Last IngestionRun success for AMF-related sources: sec-form4 at 2026-05-18 16:31.
5. Last successful IngestionRun per source
| Source key (IngestionRun.source) | Last success (UTC) |
|---|---|
| jp-edinet | 2026-05-19 01:51 |
| pse-ph | 2026-05-18 18:49 |
| euronext-ie | 2026-05-18 16:34 |
| sec-form4 | 2026-05-18 16:31 |
| knf-pl | 2026-05-18 11:14 |
| nse-in | 2026-05-18 10:33 |
| dart-kr | 2026-05-18 10:19 |
| oslo-no | 2026-05-18 10:08 |
| jse-za | 2026-05-18 07:10 |
| sedi | 2026-05-18 07:08 |
| hkex | 2026-05-18 07:08 |
| nzx-nz | 2026-05-18 06:49 |
| six-ser-sheldon-backfill | 2026-05-18 06:35 |
| consob | 2026-05-18 06:25 |
| hel-fi | 2026-05-18 06:21 |
| bse-bg | 2026-05-17 22:56 |
| tadawul-sa | 2026-05-17 22:44 |
| dk-nasdaq | 2026-05-17 22:13 |
| sebi-in | 2026-05-17 21:38 |
| fi-se | 2026-05-17 21:16 |
| bafin | 2026-05-17 21:16 |
| cvm-br | 2026-05-17 21:15 |
| six-ser | 2026-05-17 21:14 |
| sgx | 2026-05-17 17:45 |
| asx-au | 2026-05-16 22:16 |
| fsma-be | 2026-05-16 22:14 |
| afm | 2026-05-16 22:09 |
| fma-at | 2026-05-16 22:08 |
| cnmv | 2026-05-16 21:32 |
| ser-rss | 2026-05-16 19:49 |
6. Vercel cron waves (not GH Actions)
The three Vercel cron waves are not observable via gh run list. They run in-process and are monitored via the sources-watchdog cron.
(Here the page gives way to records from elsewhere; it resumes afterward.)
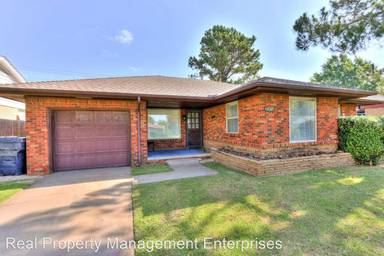 Main picture of 2301 NW 52nd St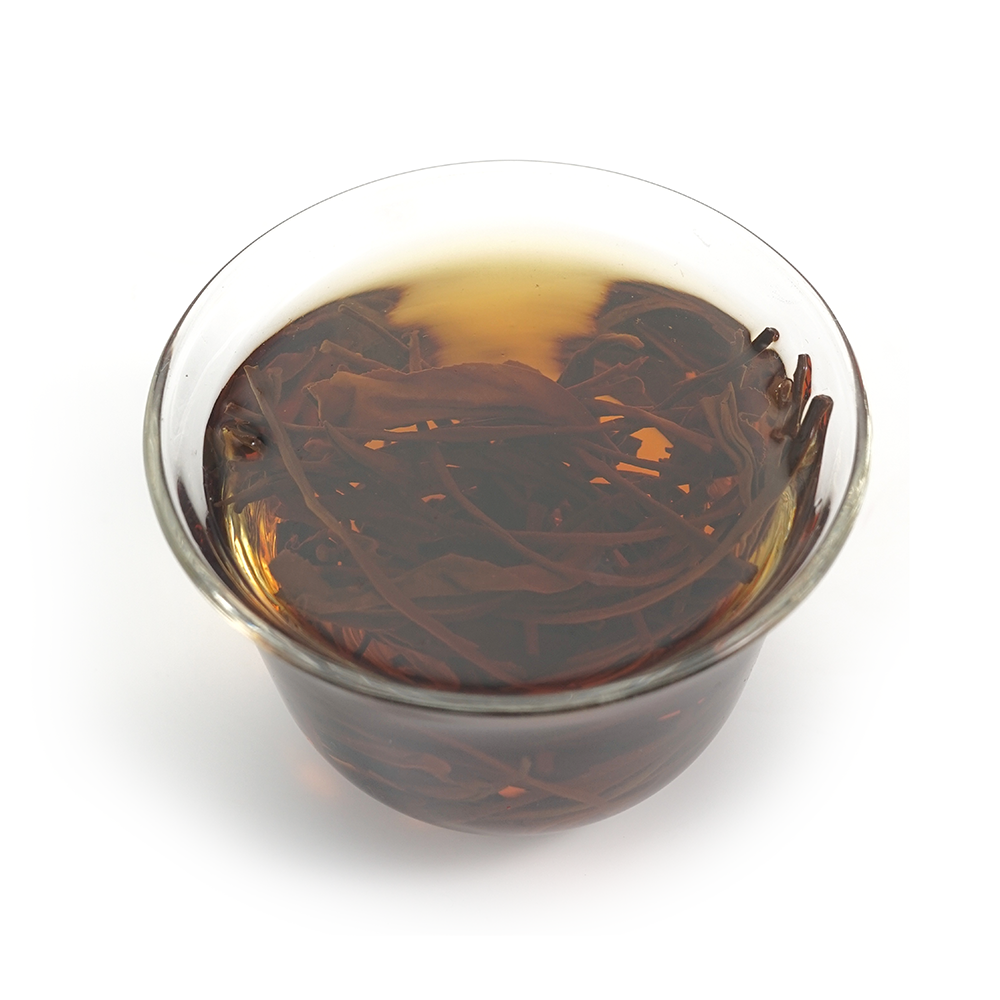 Aromatic Black Tea (China Red) liquor showing a bright amber-red color with high clarity.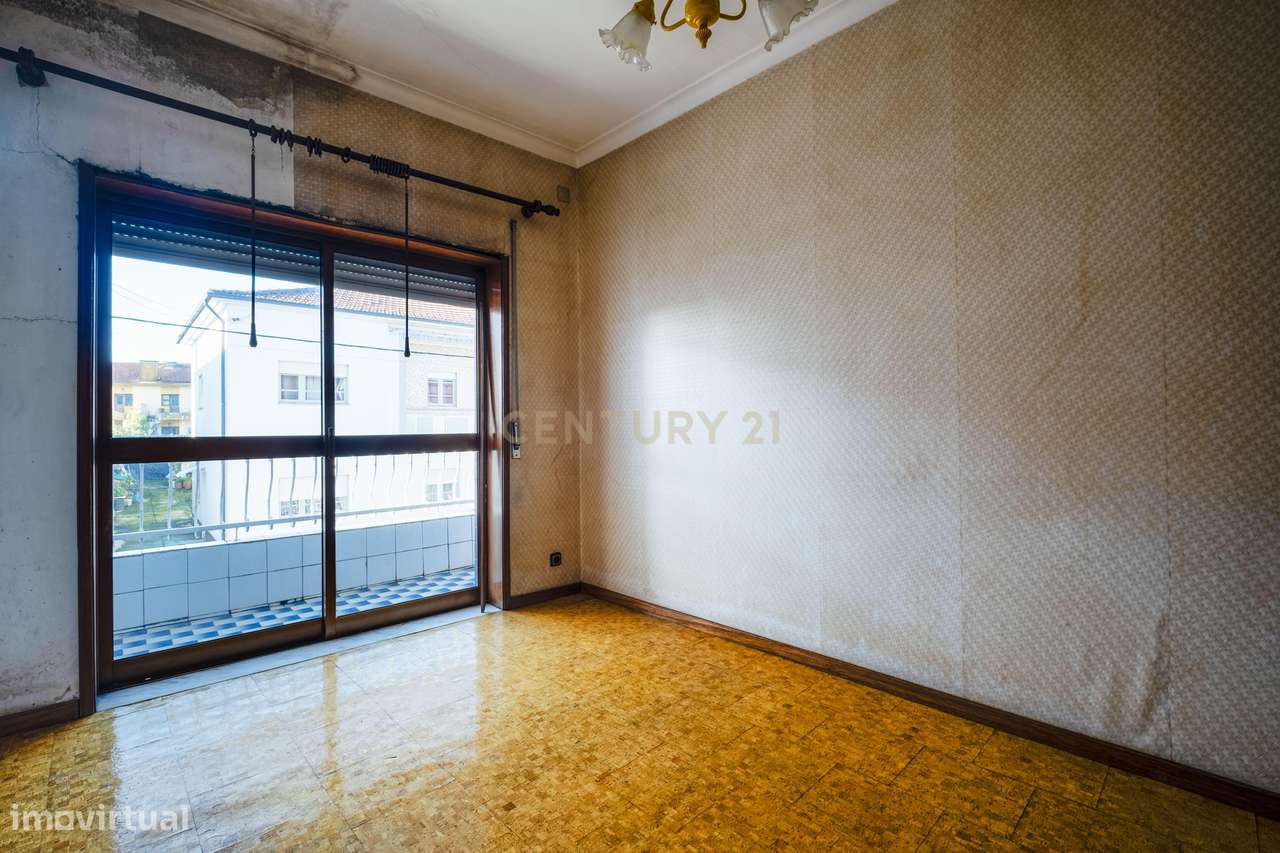 Moradia para recuperação em zona central de Rio Tinto-15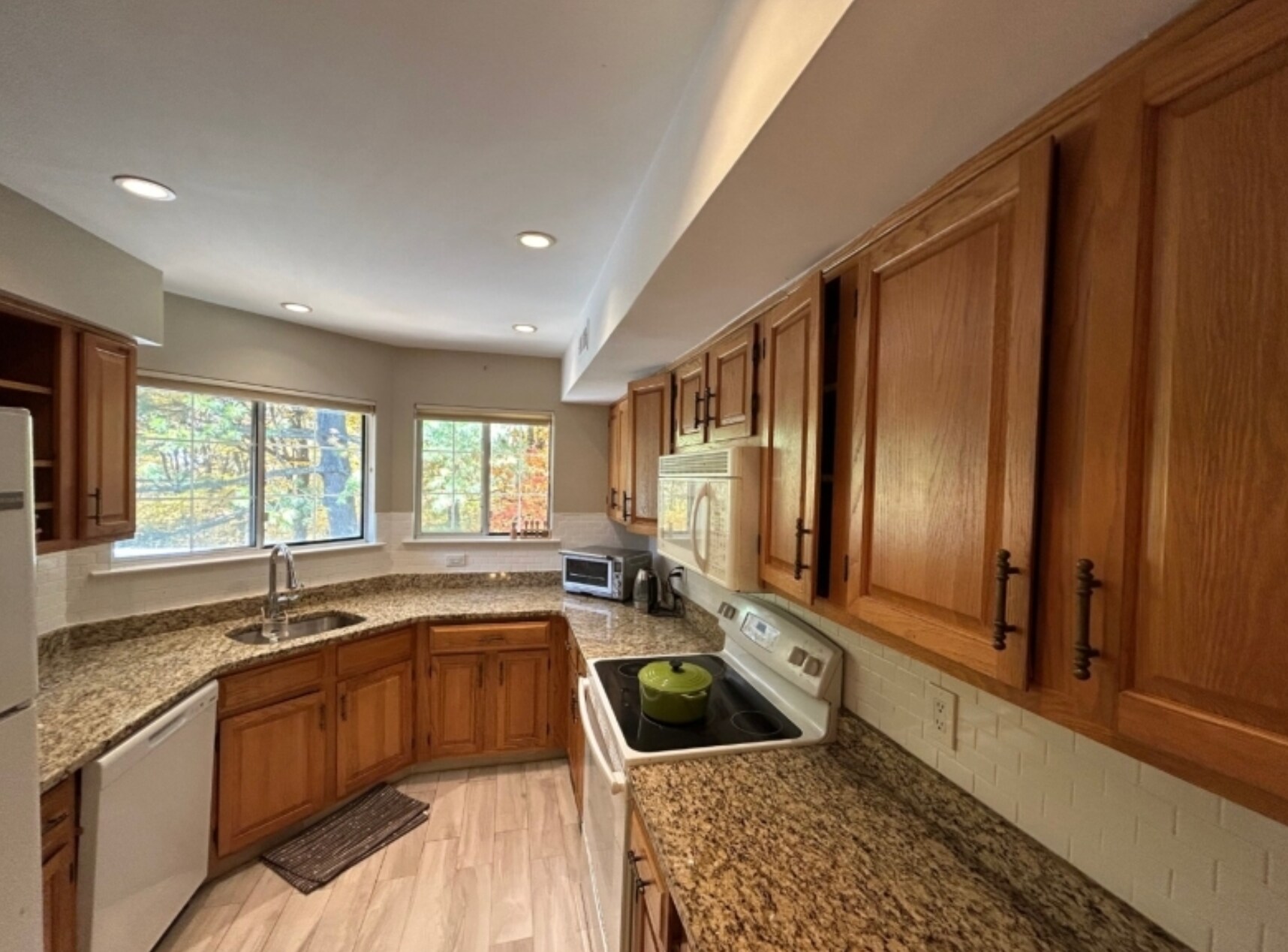 Building Photo - 31 Encampment Dr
DB freshness data above (sec-form4, jp-edinet, oslo-no, consob successful as of 2026-05-19) confirms the Vercel-side crons were healthy on 2026-05-18 and 2026-05-19.
7. Action items
| Priority | Item | Owner |
|---|---|---|
| P0 | Add DATABASE_URL: ${{ secrets.DATABASE_URL }} env var to all 20 failing GH Actions ingest workflow YAMLs (prisma generate step) |
Simon |
| P0 | Verify DATABASE_URL secret is set in GitHub repo secrets (Settings > Secrets > Actions) |
Simon |
| P1 | Investigate why KapFiling has 0 rows (KAP Turkey geo-block confirmed, KAP API 403s from non-TR IPs) | Known, tracked |
| P2 | SgxFiling deprecated (Akamai bot wall, 1 legacy row) -- disable cron cleanly | Simon |
| P2 | BafinFiling stale > 72h (last success 2026-05-16) -- oldest GH Actions failure observed 2026-05-17 | Blocked by P0 |
8. Methodology note on GH Actions vs Vercel cron
Sources ingested via GH Actions (scheduled .github/workflows/*.yml) use npm install + prisma generate + ts-node or npx tsx. These require DATABASE_URL at generate time. Sources ingested via Vercel cron (vercel.json schedule, route handler) run in the Vercel Edge/Serverless runtime where DATABASE_URL is injected automatically from Vercel environment variables. The two pipelines are structurally different -- a secret missing on GH Actions does not affect Vercel waves.